Son una fuente de entretenimiento, formación, curiosidad. Qué viva está la gente. Ignoro si estos mensajes pasan por filtros; en cualquier caso, lo que llega a la pantalla parece muy libre. Cierto que hay opinantes que se enzarzan en discusiones, algunos rozan el insulto, otros son muy salados en sus apreciaciones del contrario... Qué viva está la gente, y qué poco dispuesta a que se la den con queso. Algunos son tan desconfiados que antes se comerían el ratón que el queso. Las teorías de las conspiraciones -así como los bulos y leyendas urbanas-, que tanto miedo producen en Internet -sobre todo cuando su blanco son empresas, bancos: gente de orden-, han existido siempre. Lo único que hace Internet es ampliar su eco brutalmente.
¿Ocurre lo mismo con las opiniones de los lectores? No. Son piedras que se lanzan a un estanque y que, por unas horas, con suerte unos días, crean círculos en el agua. Algunos, iluminadores. He leído en este periódico comentarios sobre economía o aeronáutica que me han provocado admiración. Imagino que los jefes se han apresurado a seguir la pista de quienes los enviaron, dado que su contratación como expertos sería un puntazo. En la línea de Cuéntanos Cómo Pasó -si el lector tuvo la suerte de vivir un huracán, y la re-suerte de sobrevivir-, su testimonio (ah, cómo me gusta esta palabra, tan cara a Jehová, según parece) resultará un aliciente de primera para engancharse a lo que sea.
Disfruto con los vídeos, aunque suelo quitarles la voz en off, y adoro ver las galerías de fotos, que tienen la ventaja de que no te da tiempo a leer los pies -y produce pereza congelar la imagen, sabiendo que detrás viene otra: tiempos aquellos detestables en que se hacía fotografía para interpretar la realidad, no para rellenar espacio-, con lo cual no te influyen en absoluto. Mente en blanco.

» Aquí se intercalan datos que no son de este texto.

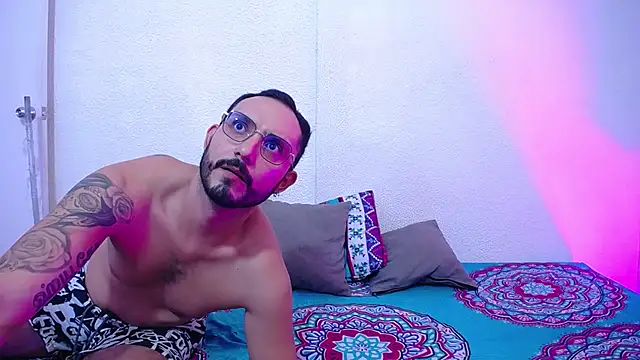 _joanne_and_oliver_ live sex cam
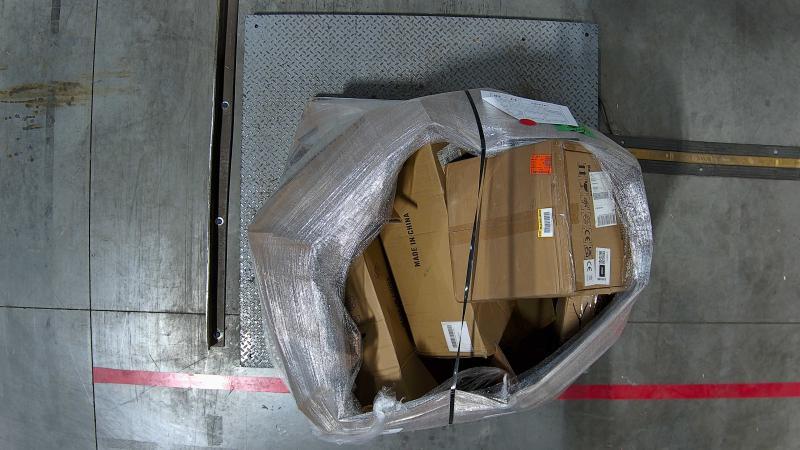 Lighting & Electrical - Vevor, Access Lighting, Byteany, Pinegreen Lighting - Est Retail $2,676- 1plt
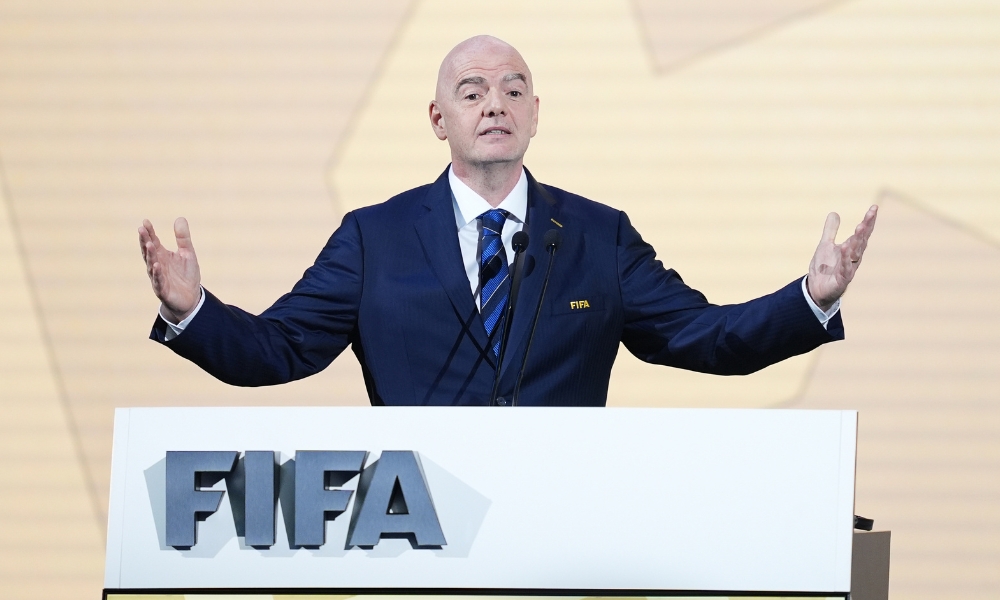 应变能力也 应变能力也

Pero lo que más me place, ya lo he dicho, es leer cotidianamente a los tribunos públicos correspondientes que usan de su derecho a comentar. Como hay bastantes que repiten, no resulta difícil aficionarse a ellos, hacerles un lugar entre la tropa de conocidos. Forman grupos, pero no asociaciones, que yo sepa. Los que creen que de todo lo que ocurre en el planeta tiene la culpa Zapatero o los que, viceversa, se ensañan con el partido de la oposición aunque sea para comentar un encuentro de fútbol. Los hay que jalean al periódico -su periódico, confiesan- y los que prometen no volverlo a comprar porque no les cuadra lo que han leído con su propia idea del asunto. Qué viva está la gente, repito.
Lo que menos entiendo, pero eso debe de ser cosa de mi edad y de que sólo hace 27 años que tengo ordenador, es el tema de las puntuaciones a los trabajos periodísticos. Aparte de en las columnas y artículos, que ahí está clarísimo, ignoro por qué de repente se puntúa altamente una noticia de agencia o de simple información. Suposiciones: a) el asunto es interesante; b) la noticia está bien redactada y rezuma neutralidad; c) ha resultado muy divertida. Deberíamos poner, al lado de los trabajos de los profesionales, en el lugar que ocupan ahora las estrellas, muñequitos para señalar la especialidad, como en algunos medios se hace con las películas, o en las páginas dedicadas al clima.
Los comentarios a los trabajos forman parte de ese gran clásico del periodismo, las Cartas al Director, en su versión cibernética. Que no nos falten.